Pharmacy practice is undergoing a technological transformation that will reshape what pharmacists do and how they do it over the coming decades. Pharmacogenomics — the application of genomic knowledge to individualize drug selection and dosing — is moving from research to clinical routine. Clinical pharmacogenomic testing for variants in CYP2D6, CYP2C19, TPMT, DPYD, and other genes is now available in many centres, enabling prospective identification of patients at risk for drug toxicity or therapeutic failure before a prescription is written. The Clinical Pharmacogenomics Implementation Consortium (CPIC) provides regularly updated, peer-reviewed dosing guidelines for gene-drug pairs.

Artificial intelligence and machine learning are being applied to drug discovery, adverse event detection, clinical decision support, and pharmacy operations. Natural language processing enables automated extraction of adverse drug reaction reports from free-text clinical notes; machine learning models predict drug-drug interaction severity and hospital readmission risk. Robotics have been deployed in high-volume dispensing environments to reduce dispensing errors and free pharmacist time for clinical activities.

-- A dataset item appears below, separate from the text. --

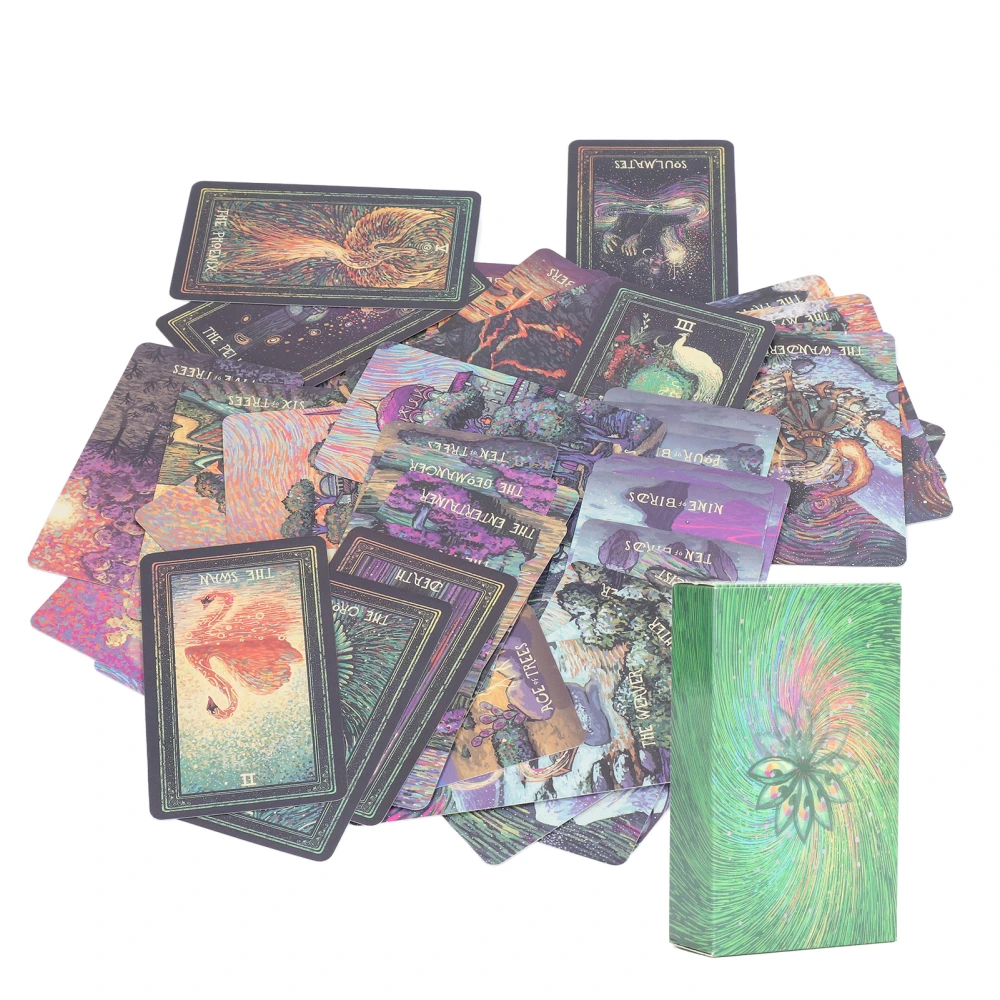 Tarot Deck 78 Divination Cards Board Game Entertainment Tool for Party and Friend Gathering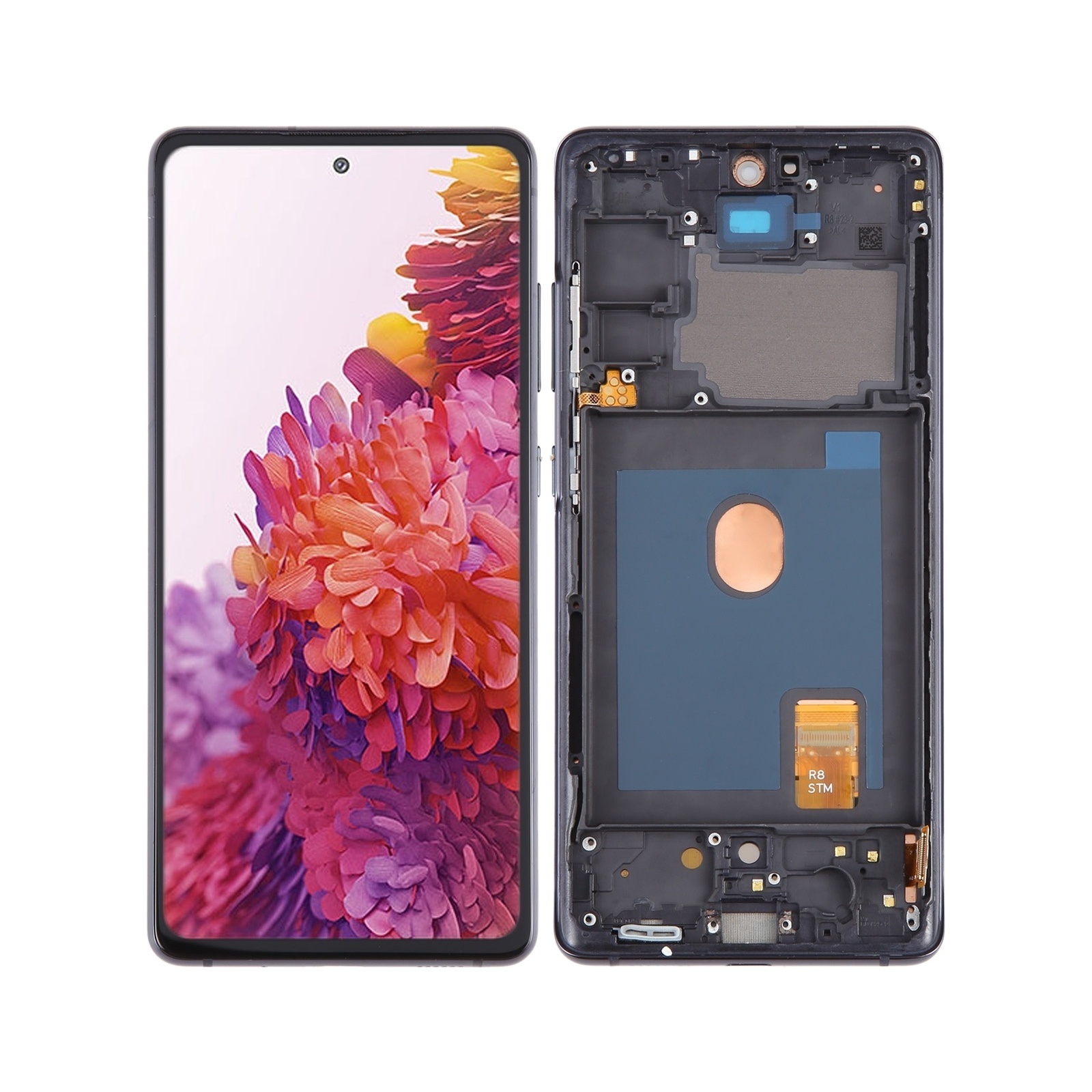 For Samsung Galaxy S20 FE 5G Original LCD Screen Digitizer Full Assembly with Frame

The expansion of telepharmacy and digital health tools has extended pharmaceutical care to patients in geographically remote or underserved communities. Asynchronous medication therapy management delivered through patient portals, remote monitoring of vital signs transmitted to pharmacist dashboards, and smartphone-based adherence support tools all represent emerging modes of practice that students entering the profession today must be prepared to engage with competently and critically.